▸ **EXERCISE OBJECTIVE**: Word for word, write the lines below out again, with no pictures.

▸ **THE DATA**:
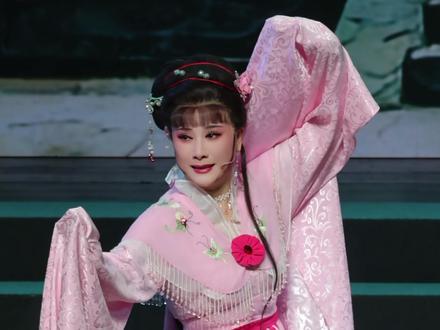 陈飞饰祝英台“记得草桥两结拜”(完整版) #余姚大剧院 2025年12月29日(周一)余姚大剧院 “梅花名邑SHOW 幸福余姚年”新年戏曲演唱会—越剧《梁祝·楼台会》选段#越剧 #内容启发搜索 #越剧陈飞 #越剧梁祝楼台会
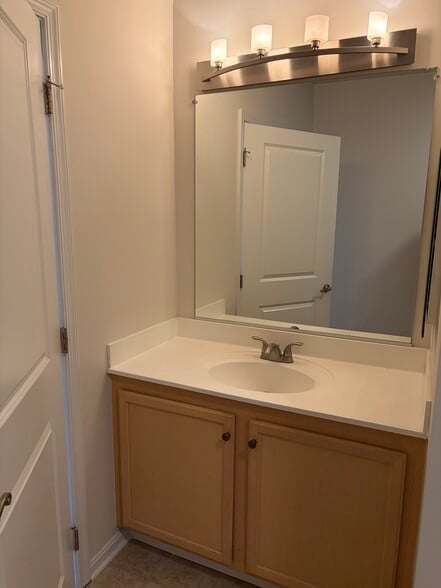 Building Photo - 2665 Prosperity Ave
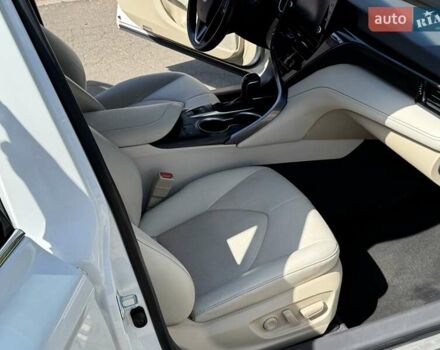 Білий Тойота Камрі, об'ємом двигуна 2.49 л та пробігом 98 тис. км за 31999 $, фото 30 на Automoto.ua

▸ **RESULT OF THE TASK**:
 陈飞饰祝英台“记得草桥两结拜”(完整版) #余姚大剧院 2025年12月29日(周一)余姚大剧院 “梅花名邑SHOW 幸福余姚年”新年戏曲演唱会—越剧《梁祝·楼台会》选段#越剧 #内容启发搜索 #越剧陈飞 #越剧梁祝楼台会
 Building Photo - 2665 Prosperity Ave
 Білий Тойота Камрі, об'ємом двигуна 2.49 л та пробігом 98 тис. км за 31999 $, фото 30 на Automoto.ua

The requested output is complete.